Resume faked
Sergio Garcia had been charged with two felonies in March 2019
Former SUNY official Sergio Garcia pleads guilty to faking resume.
A former top official at SUNY'S Upstate Medical University pleaded guilty to a misdemeanor criminal charge Wednesday to settle allegations that he had falsified his professional background on the resume he submitted when applying for the $340,000-a-year job.
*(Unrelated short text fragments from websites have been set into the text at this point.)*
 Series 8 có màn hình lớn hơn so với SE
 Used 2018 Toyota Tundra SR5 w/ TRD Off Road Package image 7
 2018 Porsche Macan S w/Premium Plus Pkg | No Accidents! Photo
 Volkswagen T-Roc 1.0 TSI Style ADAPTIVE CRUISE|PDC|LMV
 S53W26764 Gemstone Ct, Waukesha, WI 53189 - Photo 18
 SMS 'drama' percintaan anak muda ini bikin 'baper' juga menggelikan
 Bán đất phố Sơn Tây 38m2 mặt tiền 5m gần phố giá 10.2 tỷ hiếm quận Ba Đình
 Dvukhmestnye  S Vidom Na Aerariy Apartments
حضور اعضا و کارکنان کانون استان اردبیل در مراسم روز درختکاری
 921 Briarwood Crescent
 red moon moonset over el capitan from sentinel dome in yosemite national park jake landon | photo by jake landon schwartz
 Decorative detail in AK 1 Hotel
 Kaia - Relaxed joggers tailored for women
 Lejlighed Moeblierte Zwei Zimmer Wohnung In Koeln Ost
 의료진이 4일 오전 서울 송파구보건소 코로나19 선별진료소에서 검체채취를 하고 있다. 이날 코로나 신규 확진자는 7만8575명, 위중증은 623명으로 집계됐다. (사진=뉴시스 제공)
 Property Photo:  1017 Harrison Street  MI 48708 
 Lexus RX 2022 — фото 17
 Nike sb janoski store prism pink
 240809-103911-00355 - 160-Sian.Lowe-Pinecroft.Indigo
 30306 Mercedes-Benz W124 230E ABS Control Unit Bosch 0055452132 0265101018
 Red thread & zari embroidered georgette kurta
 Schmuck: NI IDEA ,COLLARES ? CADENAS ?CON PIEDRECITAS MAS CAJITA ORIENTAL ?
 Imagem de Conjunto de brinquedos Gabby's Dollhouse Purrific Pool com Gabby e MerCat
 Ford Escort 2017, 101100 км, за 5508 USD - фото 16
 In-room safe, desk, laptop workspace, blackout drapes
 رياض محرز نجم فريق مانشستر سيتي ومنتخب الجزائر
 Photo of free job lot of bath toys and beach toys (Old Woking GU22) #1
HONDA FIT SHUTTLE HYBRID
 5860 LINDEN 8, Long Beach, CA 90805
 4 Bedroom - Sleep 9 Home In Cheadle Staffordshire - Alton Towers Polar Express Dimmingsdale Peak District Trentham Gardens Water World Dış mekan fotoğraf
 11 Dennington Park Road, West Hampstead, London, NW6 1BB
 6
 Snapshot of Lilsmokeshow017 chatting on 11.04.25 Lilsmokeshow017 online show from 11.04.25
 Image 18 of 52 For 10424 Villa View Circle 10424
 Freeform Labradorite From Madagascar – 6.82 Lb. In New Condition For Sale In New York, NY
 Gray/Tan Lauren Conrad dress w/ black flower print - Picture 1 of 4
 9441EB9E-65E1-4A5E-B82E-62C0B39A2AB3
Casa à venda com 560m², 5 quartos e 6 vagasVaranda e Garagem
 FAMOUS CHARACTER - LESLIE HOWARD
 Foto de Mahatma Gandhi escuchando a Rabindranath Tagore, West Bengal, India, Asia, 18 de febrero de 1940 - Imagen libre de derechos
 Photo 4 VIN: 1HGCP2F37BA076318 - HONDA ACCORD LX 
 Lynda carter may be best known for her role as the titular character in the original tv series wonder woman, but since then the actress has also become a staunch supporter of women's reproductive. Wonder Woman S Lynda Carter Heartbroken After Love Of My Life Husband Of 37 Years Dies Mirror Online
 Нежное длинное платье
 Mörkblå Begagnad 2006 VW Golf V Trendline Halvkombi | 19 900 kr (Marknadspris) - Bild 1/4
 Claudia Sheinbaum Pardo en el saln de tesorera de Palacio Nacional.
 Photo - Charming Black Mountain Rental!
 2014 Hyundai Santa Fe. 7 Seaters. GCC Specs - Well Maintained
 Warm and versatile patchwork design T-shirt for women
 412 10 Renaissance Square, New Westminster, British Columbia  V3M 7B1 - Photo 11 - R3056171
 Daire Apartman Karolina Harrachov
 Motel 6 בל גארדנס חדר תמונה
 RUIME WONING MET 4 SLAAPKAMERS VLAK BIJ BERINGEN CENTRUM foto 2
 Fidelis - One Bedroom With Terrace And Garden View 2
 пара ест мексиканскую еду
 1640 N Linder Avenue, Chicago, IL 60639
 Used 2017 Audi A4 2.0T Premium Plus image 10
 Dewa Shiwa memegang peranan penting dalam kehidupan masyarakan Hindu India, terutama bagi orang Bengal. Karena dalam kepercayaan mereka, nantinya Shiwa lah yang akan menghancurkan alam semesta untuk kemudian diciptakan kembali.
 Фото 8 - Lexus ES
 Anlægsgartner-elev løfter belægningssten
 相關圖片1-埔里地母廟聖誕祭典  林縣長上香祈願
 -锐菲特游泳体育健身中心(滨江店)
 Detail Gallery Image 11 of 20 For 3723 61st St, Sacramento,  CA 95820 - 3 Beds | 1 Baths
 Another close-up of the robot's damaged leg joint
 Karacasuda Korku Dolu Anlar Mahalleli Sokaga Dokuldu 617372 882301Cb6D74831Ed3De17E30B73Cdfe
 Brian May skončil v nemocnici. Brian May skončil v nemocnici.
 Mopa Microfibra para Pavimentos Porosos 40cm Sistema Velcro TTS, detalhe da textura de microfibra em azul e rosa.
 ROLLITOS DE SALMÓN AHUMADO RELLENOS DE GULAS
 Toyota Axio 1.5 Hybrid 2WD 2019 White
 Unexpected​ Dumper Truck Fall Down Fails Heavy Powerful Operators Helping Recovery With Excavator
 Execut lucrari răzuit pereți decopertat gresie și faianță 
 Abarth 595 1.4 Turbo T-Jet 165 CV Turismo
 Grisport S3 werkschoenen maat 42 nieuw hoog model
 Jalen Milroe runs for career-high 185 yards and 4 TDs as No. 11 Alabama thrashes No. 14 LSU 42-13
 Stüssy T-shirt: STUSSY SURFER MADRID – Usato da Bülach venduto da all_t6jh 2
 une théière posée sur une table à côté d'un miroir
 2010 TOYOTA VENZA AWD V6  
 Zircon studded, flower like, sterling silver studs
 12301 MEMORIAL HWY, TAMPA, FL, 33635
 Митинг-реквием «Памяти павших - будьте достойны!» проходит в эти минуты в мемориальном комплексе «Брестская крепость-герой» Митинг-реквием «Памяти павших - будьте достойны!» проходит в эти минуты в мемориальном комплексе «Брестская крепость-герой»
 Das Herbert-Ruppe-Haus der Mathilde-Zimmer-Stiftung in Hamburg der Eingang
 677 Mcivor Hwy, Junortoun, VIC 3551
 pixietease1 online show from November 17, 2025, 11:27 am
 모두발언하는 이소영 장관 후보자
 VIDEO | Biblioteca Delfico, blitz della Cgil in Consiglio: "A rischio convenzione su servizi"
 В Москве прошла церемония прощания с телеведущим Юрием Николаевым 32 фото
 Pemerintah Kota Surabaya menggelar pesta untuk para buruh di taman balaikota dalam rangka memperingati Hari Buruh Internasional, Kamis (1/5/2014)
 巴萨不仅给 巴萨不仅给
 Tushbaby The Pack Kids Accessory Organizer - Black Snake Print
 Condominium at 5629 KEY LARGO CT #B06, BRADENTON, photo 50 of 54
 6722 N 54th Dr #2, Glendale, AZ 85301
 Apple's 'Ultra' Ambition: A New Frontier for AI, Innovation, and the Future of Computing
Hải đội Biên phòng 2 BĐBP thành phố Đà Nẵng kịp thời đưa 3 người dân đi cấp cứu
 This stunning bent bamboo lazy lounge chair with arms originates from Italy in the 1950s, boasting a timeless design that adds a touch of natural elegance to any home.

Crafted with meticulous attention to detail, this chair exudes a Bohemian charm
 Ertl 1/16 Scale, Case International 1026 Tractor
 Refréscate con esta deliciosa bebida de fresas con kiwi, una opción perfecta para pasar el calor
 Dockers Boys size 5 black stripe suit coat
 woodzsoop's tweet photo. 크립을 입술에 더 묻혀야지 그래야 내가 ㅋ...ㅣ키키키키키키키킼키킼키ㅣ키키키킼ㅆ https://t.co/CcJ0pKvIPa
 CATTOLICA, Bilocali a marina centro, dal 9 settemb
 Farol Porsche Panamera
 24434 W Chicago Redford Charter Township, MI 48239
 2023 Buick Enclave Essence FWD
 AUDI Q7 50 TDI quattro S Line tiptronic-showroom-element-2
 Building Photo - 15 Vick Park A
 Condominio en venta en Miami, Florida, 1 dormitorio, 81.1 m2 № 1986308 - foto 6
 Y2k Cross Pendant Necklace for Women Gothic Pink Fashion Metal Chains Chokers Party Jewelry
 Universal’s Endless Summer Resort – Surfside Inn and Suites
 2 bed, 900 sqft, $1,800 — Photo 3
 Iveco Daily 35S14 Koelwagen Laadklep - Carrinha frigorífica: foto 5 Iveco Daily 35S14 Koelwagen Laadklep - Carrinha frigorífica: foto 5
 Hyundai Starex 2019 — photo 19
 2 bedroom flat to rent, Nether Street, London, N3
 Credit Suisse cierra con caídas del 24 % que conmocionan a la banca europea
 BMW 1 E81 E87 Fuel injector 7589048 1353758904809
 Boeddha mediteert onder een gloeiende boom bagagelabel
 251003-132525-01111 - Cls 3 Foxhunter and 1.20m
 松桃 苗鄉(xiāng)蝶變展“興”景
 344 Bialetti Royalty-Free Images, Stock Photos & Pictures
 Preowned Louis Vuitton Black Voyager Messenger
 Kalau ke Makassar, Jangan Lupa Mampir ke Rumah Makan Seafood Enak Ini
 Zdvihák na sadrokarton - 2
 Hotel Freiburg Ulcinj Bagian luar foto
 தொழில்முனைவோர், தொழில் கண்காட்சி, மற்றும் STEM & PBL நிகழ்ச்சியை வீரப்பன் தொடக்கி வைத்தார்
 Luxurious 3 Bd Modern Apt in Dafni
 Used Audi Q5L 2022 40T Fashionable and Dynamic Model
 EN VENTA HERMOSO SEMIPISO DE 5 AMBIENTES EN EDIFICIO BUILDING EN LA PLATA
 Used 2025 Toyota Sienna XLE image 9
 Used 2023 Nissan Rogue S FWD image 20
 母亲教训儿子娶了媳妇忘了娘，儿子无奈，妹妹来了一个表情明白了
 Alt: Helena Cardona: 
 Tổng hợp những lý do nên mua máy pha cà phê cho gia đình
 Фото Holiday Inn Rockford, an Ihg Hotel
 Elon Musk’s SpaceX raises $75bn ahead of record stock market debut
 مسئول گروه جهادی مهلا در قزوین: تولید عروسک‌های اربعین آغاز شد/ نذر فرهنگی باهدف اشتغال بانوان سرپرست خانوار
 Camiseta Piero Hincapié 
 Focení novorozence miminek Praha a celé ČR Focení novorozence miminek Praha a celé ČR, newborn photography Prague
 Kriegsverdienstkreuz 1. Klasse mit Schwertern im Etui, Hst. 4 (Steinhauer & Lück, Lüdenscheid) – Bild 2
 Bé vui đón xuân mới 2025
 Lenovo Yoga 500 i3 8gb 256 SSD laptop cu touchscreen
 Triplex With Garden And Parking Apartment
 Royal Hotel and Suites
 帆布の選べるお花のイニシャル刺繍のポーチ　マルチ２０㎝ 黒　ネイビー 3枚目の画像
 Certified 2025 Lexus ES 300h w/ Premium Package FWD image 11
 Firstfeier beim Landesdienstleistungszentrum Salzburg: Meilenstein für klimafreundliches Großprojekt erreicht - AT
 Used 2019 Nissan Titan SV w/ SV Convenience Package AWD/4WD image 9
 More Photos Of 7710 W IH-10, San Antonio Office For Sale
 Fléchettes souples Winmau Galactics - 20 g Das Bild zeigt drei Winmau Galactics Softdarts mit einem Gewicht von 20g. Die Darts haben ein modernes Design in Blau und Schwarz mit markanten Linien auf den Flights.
The guilty plea of Sergio Garcia settled a case in which he had been charged with two felonies in March 2019 following a grand jury investigation by Onondaga County District Attorney William Fitzpatrick. The investigation began in September 2018 following a Times Union story that raised questions about multiple claims Garcia had made concerning his background.
The newspaper's story on Garcia also revealed that a number of statements he made in a videotaped speech in 2017 at a university lecture hall did not stand up to scrutiny.
Among them were Garcia's account of being present at what he said was a 2011 bombing in Afghanistan that took the life of a young diplomat, statements asserting that he had been interviewed for a U.S. State Department post by thenSecretary of State Colin L. Powell and a claim that former Secretary of State Condoleezza Rice remained his close friend and mentor.
Garcia's account of the bombing — which actually took place in 2013, months after he had left Afghanistan for an academic post in Ohio — was refuted by witnesses who were there; sources close to Powell and Rice shot down Garcia's assertions about them.
Under a plea agreement, Garcia is expected to be sentenced on Nov. 13 to a conditional discharge with restitution. It was not immediately clear on Wednesday if prosecutors may seek to have Garcia repay any portion of his salary as part of any judgment, although Fitzpatrick previously said his office may pursue that.
Fitzpatrick previously said that the charges alleged Garcia falsified entries on his resume by claiming he graduated from a university in Mexico and had held the title "chief of staff" at the U.S. State Department.
"He actually attended that university in Mexico but he never graduated," Fitzpatrick had said. At the State Department, Garcia "was basically just a grunt."
Garcia, 44, could not be be reached for comment Wednesday. He had been a senior vice president and chief of staff at Upstate Medical University since his appointment in March 2017.
Upstate Medical University placed Garcia on leave on the day the Times Union's story was published in May 2018. The university's former president, Danielle Laraque-arena, had issued a statement that day characterizing the accusations against Garcia as "troubling." He resigned the following day.